Şair Muhammet Hanefi İSPİRLİ hocam, dışı tenha içi mahşer olan, ak saçlarında nice efkâr tarayan ve bakışlarında engin bir duruluğu barındıran zarif bir şairdir. Bir Bardak Suda Kurulan Hayal, Kitab-ı Aşk ve Hiçkimse şiir kitaplarının da şairidir.

“Hezeyanların (ve) içinden çıkılmaz sıkıntıların yaşandığı dönemin insanlarıyız” cümlesiyle başlayan insan vaazları, 2018 ilk baskısını zafer yayınevi aracılığıyla deneme kategorisinde arzı endam yaparak okuruyla buluşmuş. Mizanpajını Mehmet SEÇER ve kapak tasarımını da Ufuk ÇETİNKAYA beyin yaptığı kitap, içerisinde 40 deneme yazısından oluşan 148 sayfalık bir samimiyetin iz düşümüdür.

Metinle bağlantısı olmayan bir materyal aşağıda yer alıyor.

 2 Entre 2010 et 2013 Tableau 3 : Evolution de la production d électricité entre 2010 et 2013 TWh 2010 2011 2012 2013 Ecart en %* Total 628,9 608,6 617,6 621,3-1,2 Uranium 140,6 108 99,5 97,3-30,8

İnsan vaazları, isminden de anlaşılacağı üzere özellikle yüreğinde şehre, zamana ve mekâna dair duygular büyüten her vicdanlı okurun muhatabıdır. Şairin “durun kalabalıklar bu cadde çıkmaz sokak” dediği anı yaşatır sizlere. Zihninizde ve bildiklerinizde sizleri bir iç hesaplaşmaya ve muhakeme etmeye davet eden bir eserdir.

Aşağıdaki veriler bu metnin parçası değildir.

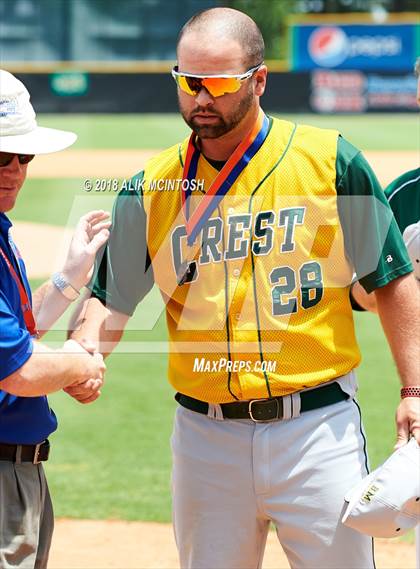 Thumbnail 3 in Crest @ New Hanover (NCHSAA 3A Fiinal - Game 2) photogallery.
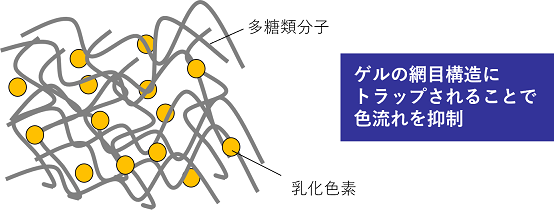 解決事例　色流れ防止色素製剤　防止イメージ４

Kitap, “hepsine dair” ile başlar. Hepsinden “bize dair” bir şeyler bulmaya ve bulduklarıyla hitap etmeye çalışır. Bizden ise daha da özele inerek okuyucusuna yönelip ve gözlerinin içine bakarak ey okuyucu artık “sana dair” sözler söylüyorum, dikkatli dinle der.

Kentli insan ve kentli insanın hallerinden bahsederken aslında kenti eleştirip “şehirli” olunmayı vaaz eder bize. Şehrin gönlü vardır der ve okuyucuyu bu gönülle tanıştırır. Gönlünde aşka dair izler barındırıyorsa eğer okuyucu, bu gönül ile çok iyi sırdaş olabilir. Bu yüzden 44. sayfada bize “yüreğini dinle” der insan vaazları.

“Kentlerin karanlığına inat” “Güzel insanlar meclisi” olduğunu da bizlere bildiren bu kitap, özellikle şehri harap eden sevgisiz, kuralsız ve “cibilliyetsiz adam için notlar” diyerek, anlarsa eğer güzel tavsiyelerde bulunur.

En sonunda “kendi tarihinle yüzleş” diyerek aslında insanı talihiyle yüzleşmeye çağırır. İşte iç hesaplaşma burada başlar diyebiliriz. Çünkü bu başlıkta olan yazı kitabın son yazısıdır. Ve bu yazıyla birlikte insan vaazlarını bitirdiğinizde, kitabı kapatıp ‘ben ne güzel yazılar okudum’ dediğiniz vakit işte o an eser sizlere vaazının en nihai kararını vermiş olacaktır.

Ben, insan vaazlarının en nihai kararını özellikle 118. sayfada geçen şu satırlarda buldum. Satırlar şöyle: “Bu yükselen Centerler, Firavun’un Musa’nın çağırdığını vurmak için kurdurduğu kuleye; bu yığılan mallar, dünyalıklar, Karun’un anahtarlarını eşeklere taşıttırdığı hazinelere; bu başkaldırılar, bu Allah’la senet imzalamış gibi yaşamalar, çölde kırk yılı doldurmuş Yahudilere benziyor.”

Bu kitabı bizlere kazandırdığı için sayın hocama kalbi şükranlarımı arz ederken buradan da asıl dev eserini bizlere okutacağı günü sabırsızlıkla beklediğimi/zi ilan etmek istiyorum.

“Sakın irkilme… İnsanın neler barındırdığını, nerelerde gezindiğini çözmeye çalışmaktan daha zor ne var şu yeryüzünde? Bunun cevabını veremezsin sen… Çünkü cevap sensin…” satırları ile sizleri, bu cümlenin cevabıyla baş başa bırakıyorum…

İnsan vaazlarının şehri ve şehirleri aşan bir sedasının olması dileğiyle.